◆ **Data provided**:
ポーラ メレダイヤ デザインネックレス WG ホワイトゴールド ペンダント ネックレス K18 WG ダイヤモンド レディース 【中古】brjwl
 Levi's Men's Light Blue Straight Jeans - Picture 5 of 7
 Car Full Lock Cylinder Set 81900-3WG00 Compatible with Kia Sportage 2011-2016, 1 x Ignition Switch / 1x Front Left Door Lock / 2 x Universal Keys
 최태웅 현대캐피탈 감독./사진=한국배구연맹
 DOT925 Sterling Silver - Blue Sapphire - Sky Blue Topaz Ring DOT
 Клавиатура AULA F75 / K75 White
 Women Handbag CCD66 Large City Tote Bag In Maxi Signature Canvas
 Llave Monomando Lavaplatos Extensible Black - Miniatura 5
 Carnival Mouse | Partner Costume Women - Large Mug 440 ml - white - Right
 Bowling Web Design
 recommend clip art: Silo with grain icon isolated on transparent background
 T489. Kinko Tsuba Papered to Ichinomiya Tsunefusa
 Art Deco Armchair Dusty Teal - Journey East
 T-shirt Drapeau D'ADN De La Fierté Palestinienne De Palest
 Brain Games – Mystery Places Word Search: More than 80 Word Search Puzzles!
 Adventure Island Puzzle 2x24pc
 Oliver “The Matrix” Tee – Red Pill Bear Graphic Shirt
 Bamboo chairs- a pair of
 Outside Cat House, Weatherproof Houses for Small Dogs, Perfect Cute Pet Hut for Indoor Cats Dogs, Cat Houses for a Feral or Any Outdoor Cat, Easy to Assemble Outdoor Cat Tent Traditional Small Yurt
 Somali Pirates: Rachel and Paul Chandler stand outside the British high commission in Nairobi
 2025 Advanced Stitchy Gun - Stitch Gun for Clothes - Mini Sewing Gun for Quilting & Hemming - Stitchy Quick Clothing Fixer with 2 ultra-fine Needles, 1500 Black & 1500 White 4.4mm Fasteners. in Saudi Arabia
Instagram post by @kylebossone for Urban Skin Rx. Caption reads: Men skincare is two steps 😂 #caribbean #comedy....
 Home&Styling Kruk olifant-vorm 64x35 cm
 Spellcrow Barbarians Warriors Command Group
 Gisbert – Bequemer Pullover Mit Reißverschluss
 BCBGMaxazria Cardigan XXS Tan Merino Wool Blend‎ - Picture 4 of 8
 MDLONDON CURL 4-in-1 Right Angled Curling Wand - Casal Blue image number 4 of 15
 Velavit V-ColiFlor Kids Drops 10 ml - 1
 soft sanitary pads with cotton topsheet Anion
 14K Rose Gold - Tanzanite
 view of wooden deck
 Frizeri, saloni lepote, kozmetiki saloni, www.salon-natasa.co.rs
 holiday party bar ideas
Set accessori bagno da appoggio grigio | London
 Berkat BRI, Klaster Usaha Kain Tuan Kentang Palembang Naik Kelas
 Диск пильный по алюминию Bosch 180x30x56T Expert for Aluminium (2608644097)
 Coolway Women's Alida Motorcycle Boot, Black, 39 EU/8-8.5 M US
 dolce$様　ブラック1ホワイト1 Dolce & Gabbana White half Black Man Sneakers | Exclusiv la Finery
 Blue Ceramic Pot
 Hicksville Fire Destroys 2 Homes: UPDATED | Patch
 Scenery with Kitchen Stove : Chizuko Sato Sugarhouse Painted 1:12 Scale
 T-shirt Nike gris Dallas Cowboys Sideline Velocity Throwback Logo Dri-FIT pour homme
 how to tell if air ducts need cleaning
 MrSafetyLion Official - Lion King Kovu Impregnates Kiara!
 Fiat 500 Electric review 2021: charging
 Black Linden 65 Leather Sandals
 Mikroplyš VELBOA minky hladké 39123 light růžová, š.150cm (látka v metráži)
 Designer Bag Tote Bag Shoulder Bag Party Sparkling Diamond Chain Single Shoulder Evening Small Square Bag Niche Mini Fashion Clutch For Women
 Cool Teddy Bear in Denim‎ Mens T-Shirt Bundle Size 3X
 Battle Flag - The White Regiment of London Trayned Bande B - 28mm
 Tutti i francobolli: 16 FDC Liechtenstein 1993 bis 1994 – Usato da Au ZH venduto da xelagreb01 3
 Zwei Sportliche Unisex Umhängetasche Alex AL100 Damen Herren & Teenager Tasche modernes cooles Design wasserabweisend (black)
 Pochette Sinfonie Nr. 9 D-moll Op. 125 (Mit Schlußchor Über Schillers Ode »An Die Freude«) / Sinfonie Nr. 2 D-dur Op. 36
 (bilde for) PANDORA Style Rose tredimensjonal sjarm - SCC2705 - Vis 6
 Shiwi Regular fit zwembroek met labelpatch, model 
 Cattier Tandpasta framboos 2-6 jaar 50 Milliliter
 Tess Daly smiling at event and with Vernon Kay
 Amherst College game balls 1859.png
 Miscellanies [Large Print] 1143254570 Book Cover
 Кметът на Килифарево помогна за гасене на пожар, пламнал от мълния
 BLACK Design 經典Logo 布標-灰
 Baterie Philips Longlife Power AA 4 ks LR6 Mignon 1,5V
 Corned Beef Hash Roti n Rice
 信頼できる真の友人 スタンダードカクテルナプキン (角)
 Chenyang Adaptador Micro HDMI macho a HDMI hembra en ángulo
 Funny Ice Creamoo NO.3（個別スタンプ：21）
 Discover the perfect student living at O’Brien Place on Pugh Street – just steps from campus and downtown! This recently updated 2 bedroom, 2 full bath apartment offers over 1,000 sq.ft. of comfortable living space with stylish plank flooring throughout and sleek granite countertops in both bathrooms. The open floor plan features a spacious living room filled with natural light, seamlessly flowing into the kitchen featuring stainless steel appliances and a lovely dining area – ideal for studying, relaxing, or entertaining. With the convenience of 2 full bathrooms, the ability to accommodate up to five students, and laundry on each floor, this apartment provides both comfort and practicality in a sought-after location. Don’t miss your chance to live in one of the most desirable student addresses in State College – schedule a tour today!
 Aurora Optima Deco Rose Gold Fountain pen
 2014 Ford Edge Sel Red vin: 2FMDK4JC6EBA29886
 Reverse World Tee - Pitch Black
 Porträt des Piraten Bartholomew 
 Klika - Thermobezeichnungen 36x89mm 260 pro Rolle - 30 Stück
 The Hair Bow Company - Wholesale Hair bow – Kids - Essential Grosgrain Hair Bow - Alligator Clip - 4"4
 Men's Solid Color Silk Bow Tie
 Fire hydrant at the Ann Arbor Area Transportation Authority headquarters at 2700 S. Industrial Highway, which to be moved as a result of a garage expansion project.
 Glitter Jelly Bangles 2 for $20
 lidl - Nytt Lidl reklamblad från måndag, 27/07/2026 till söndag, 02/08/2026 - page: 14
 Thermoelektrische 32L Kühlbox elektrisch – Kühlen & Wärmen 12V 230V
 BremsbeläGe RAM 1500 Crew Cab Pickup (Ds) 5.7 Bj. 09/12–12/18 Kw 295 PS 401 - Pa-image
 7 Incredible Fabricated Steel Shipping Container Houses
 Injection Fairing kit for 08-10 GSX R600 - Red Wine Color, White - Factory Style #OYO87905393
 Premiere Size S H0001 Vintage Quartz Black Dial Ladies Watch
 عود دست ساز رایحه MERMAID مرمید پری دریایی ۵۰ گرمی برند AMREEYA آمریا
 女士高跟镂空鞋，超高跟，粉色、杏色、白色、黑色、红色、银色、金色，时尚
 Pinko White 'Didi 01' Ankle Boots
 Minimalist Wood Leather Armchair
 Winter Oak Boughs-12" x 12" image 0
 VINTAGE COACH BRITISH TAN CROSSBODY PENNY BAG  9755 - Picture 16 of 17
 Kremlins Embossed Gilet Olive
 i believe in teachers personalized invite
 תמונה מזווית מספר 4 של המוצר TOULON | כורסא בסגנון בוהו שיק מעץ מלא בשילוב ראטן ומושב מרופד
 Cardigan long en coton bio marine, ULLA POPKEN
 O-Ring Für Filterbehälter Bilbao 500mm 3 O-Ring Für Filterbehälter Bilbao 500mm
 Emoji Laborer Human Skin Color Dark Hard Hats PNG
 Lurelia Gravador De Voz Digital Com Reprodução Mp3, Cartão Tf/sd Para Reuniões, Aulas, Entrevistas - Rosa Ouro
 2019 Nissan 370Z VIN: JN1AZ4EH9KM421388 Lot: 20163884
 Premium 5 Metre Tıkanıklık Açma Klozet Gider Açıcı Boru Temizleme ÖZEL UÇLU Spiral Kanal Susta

◆ **Description of the task**: Copy out each line in the preceding records that contains "Cardigan".

◆ **Response to this exercise**:
 BCBGMaxazria Cardigan XXS Tan Merino Wool Blend‎ - Picture 4 of 8
 Cardigan long en coton bio marine, ULLA POPKEN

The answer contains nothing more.